Make a plan for bedtimes
Babies and toddlers will naturally have different sleep schedules, both at nap times and at bedtime. Interrupting either child’s sleep pattern will have ripple effects across the whole family’s ability to get adequate rest. It helps to stagger your kids’ bedtimes so you can devote time to each one’s needs. This may even be a necessity if only one parent is available to do the nighttime routine.
For instance, you might put the baby to bed half an hour earlier than the toddler. You’ll read to the toddler in another room before putting them into bed for a final quiet cuddle and tuck-in. Remember that a baby might actually adapt to a later bedtime than a toddler if the younger sibling naps more during the daytime.
If both children are winding down for sleep at the same time, lull them gently into slumber by playing calming music. Moshi’s tracks are soporific for babies and toddlers alike, with magical stories presented through dreamlike narration amid soothing music.

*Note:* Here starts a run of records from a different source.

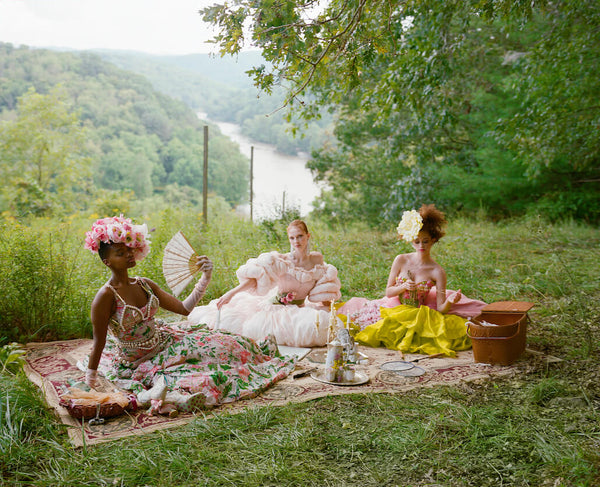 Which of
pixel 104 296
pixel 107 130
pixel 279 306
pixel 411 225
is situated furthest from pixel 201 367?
pixel 107 130

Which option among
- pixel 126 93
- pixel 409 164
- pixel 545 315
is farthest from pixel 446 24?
pixel 126 93

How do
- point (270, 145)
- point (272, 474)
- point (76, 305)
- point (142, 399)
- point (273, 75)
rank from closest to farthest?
point (272, 474)
point (142, 399)
point (273, 75)
point (76, 305)
point (270, 145)

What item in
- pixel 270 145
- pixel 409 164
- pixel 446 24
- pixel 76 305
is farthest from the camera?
pixel 270 145

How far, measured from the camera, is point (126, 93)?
2973 cm

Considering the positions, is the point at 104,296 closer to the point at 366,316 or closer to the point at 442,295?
the point at 366,316

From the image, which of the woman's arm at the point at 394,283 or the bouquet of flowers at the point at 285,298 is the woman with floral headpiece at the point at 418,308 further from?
the bouquet of flowers at the point at 285,298

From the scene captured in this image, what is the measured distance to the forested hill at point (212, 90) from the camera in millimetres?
27766

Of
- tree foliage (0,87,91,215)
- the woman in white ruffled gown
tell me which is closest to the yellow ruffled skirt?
the woman in white ruffled gown

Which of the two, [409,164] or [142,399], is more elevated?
[409,164]

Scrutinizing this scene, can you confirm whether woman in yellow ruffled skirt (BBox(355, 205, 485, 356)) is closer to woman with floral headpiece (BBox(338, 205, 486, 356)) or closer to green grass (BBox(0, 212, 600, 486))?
woman with floral headpiece (BBox(338, 205, 486, 356))

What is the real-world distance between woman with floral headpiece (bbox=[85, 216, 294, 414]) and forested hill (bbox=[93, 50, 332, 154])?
2206cm

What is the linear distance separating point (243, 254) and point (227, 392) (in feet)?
14.6

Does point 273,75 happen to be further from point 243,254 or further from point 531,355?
point 243,254

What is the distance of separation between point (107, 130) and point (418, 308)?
2611 centimetres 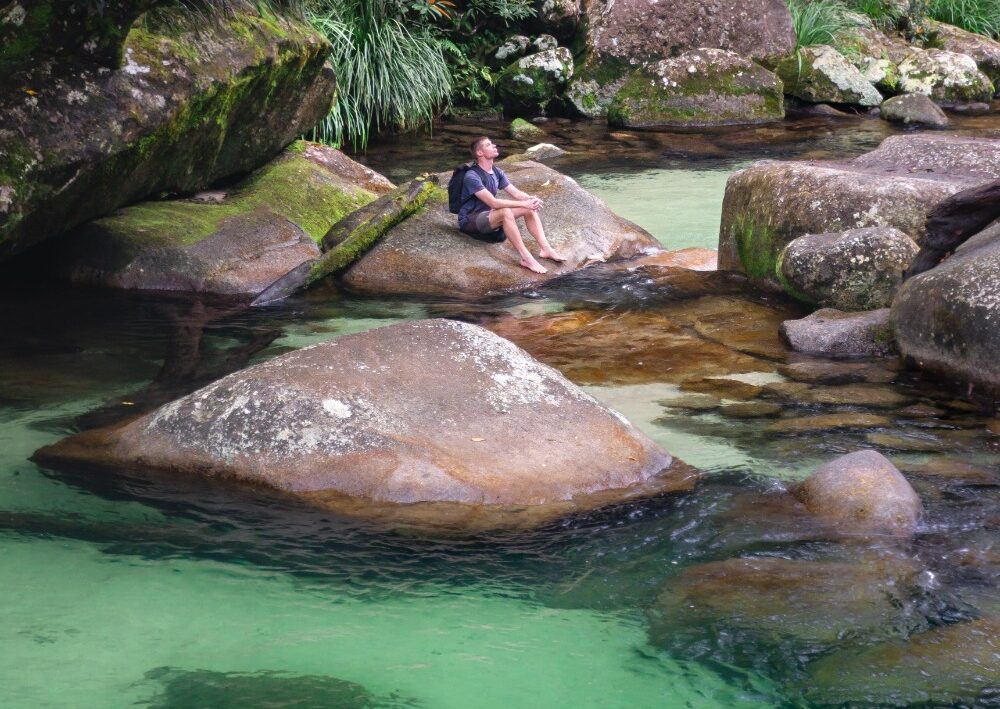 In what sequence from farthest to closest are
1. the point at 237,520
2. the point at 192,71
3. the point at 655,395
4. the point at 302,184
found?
the point at 302,184 < the point at 192,71 < the point at 655,395 < the point at 237,520

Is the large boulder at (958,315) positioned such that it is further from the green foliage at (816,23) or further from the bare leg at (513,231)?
the green foliage at (816,23)

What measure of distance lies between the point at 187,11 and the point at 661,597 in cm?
572

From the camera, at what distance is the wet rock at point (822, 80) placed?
624 inches

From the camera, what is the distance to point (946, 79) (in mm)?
16406

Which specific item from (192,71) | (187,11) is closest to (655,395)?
(192,71)

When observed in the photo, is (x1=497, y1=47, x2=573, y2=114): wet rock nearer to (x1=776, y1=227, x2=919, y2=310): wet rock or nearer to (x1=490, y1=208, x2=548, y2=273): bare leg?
(x1=490, y1=208, x2=548, y2=273): bare leg

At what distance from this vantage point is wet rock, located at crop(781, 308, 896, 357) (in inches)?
248

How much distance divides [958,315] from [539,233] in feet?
11.7

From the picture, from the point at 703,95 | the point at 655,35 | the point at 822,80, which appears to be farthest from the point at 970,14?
the point at 703,95

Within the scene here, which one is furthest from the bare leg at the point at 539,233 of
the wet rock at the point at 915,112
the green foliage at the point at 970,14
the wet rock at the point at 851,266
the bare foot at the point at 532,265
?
the green foliage at the point at 970,14

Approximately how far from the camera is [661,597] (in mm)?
3727

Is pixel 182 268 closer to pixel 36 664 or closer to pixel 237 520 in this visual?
pixel 237 520

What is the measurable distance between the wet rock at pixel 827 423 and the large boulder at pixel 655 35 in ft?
36.1

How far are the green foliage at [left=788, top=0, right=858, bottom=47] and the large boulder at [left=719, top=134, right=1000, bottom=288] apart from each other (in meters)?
9.24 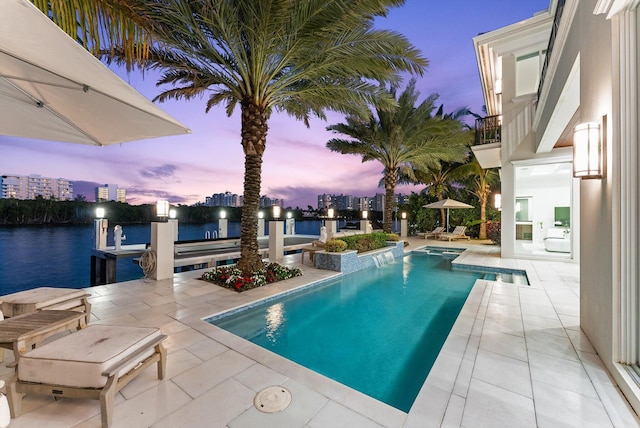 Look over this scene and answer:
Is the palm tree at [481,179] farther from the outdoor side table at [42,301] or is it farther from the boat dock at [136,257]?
the outdoor side table at [42,301]

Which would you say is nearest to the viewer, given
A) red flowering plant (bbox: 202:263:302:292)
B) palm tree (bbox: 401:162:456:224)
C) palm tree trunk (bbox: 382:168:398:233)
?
red flowering plant (bbox: 202:263:302:292)

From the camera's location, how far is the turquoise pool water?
350cm

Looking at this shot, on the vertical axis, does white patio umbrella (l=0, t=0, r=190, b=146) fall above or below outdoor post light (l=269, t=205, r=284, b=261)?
above

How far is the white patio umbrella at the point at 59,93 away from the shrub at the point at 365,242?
715cm

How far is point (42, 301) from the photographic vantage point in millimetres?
3629

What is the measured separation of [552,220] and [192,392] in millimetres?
16384

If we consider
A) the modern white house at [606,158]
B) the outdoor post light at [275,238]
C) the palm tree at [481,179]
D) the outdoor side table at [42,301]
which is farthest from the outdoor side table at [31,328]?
the palm tree at [481,179]

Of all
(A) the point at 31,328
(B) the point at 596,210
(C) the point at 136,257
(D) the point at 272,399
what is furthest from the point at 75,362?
(C) the point at 136,257

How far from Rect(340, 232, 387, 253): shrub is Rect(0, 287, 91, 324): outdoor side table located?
7187 millimetres

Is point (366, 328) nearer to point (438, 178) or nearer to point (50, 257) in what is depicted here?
point (50, 257)

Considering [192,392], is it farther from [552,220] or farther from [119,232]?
[552,220]

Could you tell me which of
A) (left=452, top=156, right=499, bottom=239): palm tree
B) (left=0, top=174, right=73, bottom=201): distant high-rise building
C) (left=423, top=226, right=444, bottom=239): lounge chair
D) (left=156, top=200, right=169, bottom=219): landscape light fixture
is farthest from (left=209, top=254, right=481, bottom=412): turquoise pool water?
(left=0, top=174, right=73, bottom=201): distant high-rise building

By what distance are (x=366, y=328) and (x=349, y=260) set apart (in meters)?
3.88

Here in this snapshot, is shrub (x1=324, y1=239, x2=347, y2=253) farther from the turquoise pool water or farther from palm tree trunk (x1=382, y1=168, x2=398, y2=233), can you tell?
palm tree trunk (x1=382, y1=168, x2=398, y2=233)
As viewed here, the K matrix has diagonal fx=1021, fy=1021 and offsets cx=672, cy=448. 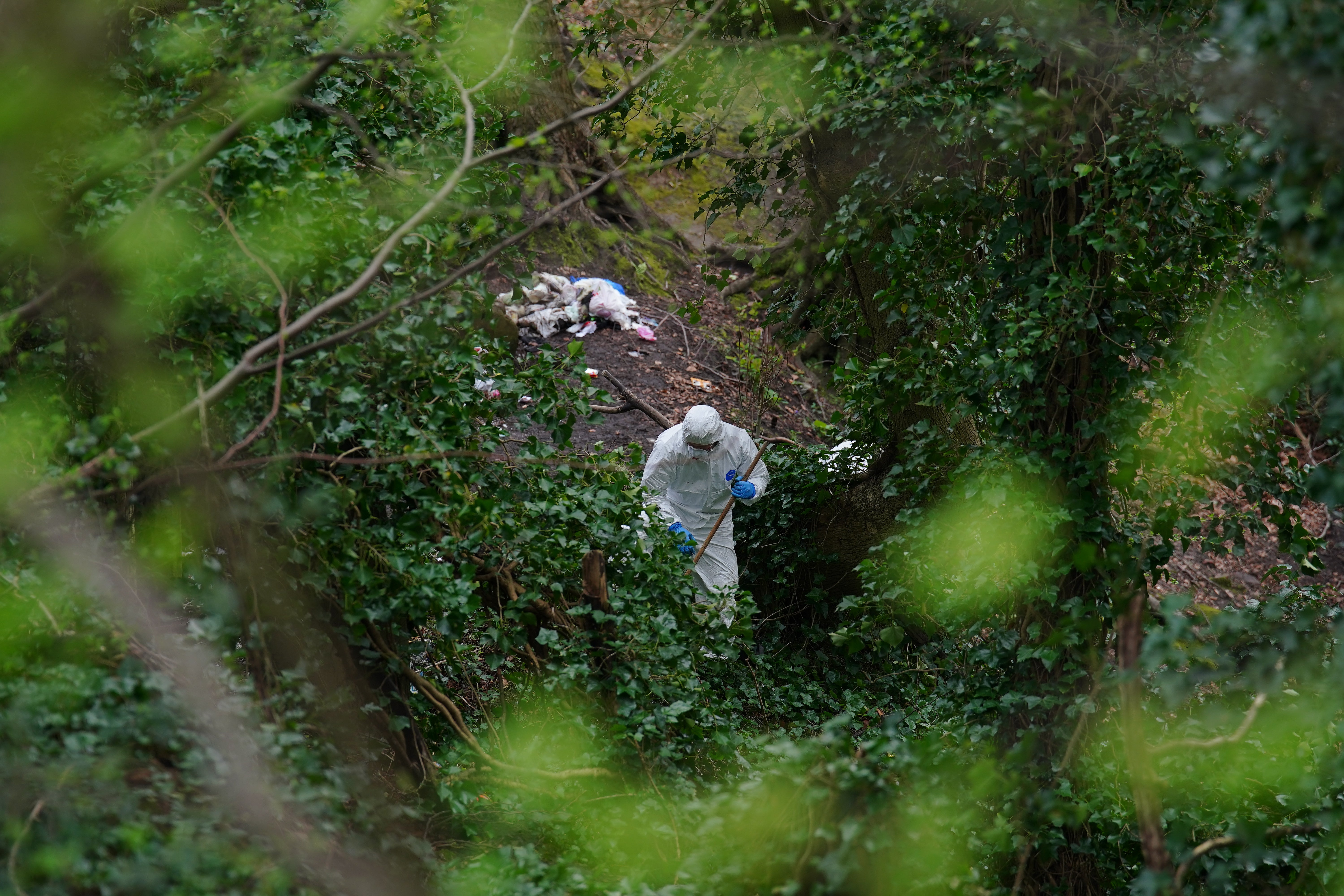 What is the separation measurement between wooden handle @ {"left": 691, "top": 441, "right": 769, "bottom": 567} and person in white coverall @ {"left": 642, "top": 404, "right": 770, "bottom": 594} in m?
0.03

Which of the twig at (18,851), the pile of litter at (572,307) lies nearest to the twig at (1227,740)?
the twig at (18,851)

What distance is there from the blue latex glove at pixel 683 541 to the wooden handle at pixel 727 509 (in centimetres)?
18

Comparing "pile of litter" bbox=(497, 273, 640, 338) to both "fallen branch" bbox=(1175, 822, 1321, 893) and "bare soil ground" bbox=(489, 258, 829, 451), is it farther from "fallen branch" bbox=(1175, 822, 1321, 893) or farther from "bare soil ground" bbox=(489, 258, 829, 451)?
"fallen branch" bbox=(1175, 822, 1321, 893)

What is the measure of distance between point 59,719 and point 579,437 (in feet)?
23.5

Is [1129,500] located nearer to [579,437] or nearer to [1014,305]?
[1014,305]

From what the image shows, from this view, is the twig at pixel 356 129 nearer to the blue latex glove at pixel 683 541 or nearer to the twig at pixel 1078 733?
the blue latex glove at pixel 683 541

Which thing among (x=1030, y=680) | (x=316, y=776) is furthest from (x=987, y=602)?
(x=316, y=776)

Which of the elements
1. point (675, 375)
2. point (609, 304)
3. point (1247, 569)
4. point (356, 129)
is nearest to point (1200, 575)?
point (1247, 569)

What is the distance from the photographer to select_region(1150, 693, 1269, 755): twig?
7.73 ft

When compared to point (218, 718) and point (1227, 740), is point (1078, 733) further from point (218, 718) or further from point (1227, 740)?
point (218, 718)

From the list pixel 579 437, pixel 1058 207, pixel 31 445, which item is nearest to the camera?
pixel 31 445

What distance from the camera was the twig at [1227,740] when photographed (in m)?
2.36

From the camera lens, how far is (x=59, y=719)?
7.19ft

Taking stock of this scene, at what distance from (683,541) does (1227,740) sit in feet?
9.46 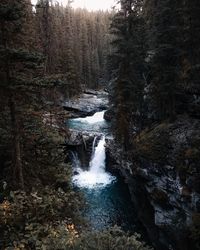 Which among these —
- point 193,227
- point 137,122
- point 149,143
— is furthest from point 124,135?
point 193,227

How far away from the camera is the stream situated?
89.7 feet

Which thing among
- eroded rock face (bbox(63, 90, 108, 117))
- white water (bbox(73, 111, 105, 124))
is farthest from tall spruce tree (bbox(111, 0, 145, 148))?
eroded rock face (bbox(63, 90, 108, 117))

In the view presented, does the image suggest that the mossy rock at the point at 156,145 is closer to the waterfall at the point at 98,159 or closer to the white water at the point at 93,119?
the waterfall at the point at 98,159

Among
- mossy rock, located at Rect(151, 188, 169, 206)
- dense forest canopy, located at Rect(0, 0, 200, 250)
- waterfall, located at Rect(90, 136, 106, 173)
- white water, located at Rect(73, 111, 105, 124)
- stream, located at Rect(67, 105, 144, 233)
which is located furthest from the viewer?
white water, located at Rect(73, 111, 105, 124)

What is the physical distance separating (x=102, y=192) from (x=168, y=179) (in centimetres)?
1038

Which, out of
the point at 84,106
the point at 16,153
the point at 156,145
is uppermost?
the point at 16,153

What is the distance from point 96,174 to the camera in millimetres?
36938

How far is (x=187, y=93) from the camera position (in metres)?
26.2

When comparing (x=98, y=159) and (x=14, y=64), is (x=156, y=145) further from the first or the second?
(x=98, y=159)

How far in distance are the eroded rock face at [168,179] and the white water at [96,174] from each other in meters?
6.99

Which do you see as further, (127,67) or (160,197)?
(127,67)

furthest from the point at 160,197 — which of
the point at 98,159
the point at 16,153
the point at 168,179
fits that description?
the point at 98,159

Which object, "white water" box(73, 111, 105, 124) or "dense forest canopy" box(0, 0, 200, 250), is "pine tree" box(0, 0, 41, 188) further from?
"white water" box(73, 111, 105, 124)

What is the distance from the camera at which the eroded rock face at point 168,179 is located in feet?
69.9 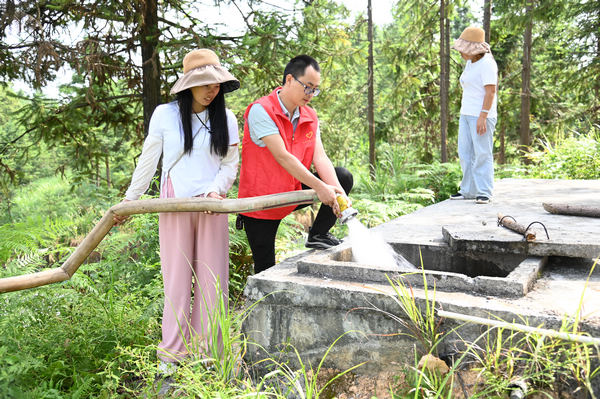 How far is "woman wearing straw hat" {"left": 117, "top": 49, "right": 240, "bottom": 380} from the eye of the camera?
312 centimetres

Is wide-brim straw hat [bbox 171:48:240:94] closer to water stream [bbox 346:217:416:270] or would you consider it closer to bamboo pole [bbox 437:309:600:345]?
water stream [bbox 346:217:416:270]

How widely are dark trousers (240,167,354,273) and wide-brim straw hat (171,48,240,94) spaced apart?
1038mm

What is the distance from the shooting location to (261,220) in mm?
3551

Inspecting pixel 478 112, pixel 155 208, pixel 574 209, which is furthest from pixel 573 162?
pixel 155 208

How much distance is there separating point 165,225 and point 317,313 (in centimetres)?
120

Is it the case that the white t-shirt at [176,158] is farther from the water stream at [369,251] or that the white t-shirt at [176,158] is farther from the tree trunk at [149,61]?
the tree trunk at [149,61]

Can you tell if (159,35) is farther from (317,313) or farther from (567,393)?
(567,393)

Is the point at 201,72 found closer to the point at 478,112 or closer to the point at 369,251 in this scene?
the point at 369,251

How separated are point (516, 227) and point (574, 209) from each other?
135 cm

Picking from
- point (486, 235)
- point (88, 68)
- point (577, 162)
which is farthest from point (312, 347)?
point (577, 162)

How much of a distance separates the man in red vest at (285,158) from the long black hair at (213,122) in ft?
0.75

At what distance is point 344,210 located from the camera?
10.4 ft

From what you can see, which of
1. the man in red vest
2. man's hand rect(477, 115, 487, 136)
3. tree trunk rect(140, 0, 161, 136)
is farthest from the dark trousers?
tree trunk rect(140, 0, 161, 136)

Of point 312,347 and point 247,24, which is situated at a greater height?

This is also a way to encourage a positive, peaceful association with bedtime for both kids.
Empower the toddler
Impress upon your toddler the importance of their own responsibility to play quietly when the baby is sleeping – to avoid taking any actions that could harm the baby. In turn, they’ll be both a good roommate and a good big brother or sister.
Brothers and sisters sharing a room can be a teachable moment. It’s not only a practical necessity for safety and functionality within the home but also a way to make your toddler feel important, acknowledged and praised.